[Assignment]: Down to the final character, output the records below as they stand.

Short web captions
━━━━
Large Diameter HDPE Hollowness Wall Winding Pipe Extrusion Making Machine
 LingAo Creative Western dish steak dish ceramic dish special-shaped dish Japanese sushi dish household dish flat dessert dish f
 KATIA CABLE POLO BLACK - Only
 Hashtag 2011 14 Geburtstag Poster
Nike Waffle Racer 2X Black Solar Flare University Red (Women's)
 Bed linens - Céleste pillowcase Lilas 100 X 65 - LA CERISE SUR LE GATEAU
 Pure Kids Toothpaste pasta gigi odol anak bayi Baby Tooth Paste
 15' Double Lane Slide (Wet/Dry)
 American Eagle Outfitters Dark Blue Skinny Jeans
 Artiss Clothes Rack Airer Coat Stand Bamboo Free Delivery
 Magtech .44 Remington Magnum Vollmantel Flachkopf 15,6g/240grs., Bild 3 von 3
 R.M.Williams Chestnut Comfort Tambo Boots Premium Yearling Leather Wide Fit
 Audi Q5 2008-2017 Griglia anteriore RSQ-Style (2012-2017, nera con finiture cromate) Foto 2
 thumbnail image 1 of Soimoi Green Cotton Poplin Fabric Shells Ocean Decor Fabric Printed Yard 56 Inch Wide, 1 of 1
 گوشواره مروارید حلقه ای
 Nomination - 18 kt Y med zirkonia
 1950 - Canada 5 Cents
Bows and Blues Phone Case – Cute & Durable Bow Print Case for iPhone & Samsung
━━━━
[Written answer]:
Large Diameter HDPE Hollowness Wall Winding Pipe Extrusion Making Machine
 LingAo Creative Western dish steak dish ceramic dish special-shaped dish Japanese sushi dish household dish flat dessert dish f
 KATIA CABLE POLO BLACK - Only
 Hashtag 2011 14 Geburtstag Poster
Nike Waffle Racer 2X Black Solar Flare University Red (Women's)
 Bed linens - Céleste pillowcase Lilas 100 X 65 - LA CERISE SUR LE GATEAU
 Pure Kids Toothpaste pasta gigi odol anak bayi Baby Tooth Paste
 15' Double Lane Slide (Wet/Dry)
 American Eagle Outfitters Dark Blue Skinny Jeans
 Artiss Clothes Rack Airer Coat Stand Bamboo Free Delivery
 Magtech .44 Remington Magnum Vollmantel Flachkopf 15,6g/240grs., Bild 3 von 3
 R.M.Williams Chestnut Comfort Tambo Boots Premium Yearling Leather Wide Fit
 Audi Q5 2008-2017 Griglia anteriore RSQ-Style (2012-2017, nera con finiture cromate) Foto 2
 thumbnail image 1 of Soimoi Green Cotton Poplin Fabric Shells Ocean Decor Fabric Printed Yard 56 Inch Wide, 1 of 1
 گوشواره مروارید حلقه ای
 Nomination - 18 kt Y med zirkonia
 1950 - Canada 5 Cents
Bows and Blues Phone Case – Cute & Durable Bow Print Case for iPhone & Samsung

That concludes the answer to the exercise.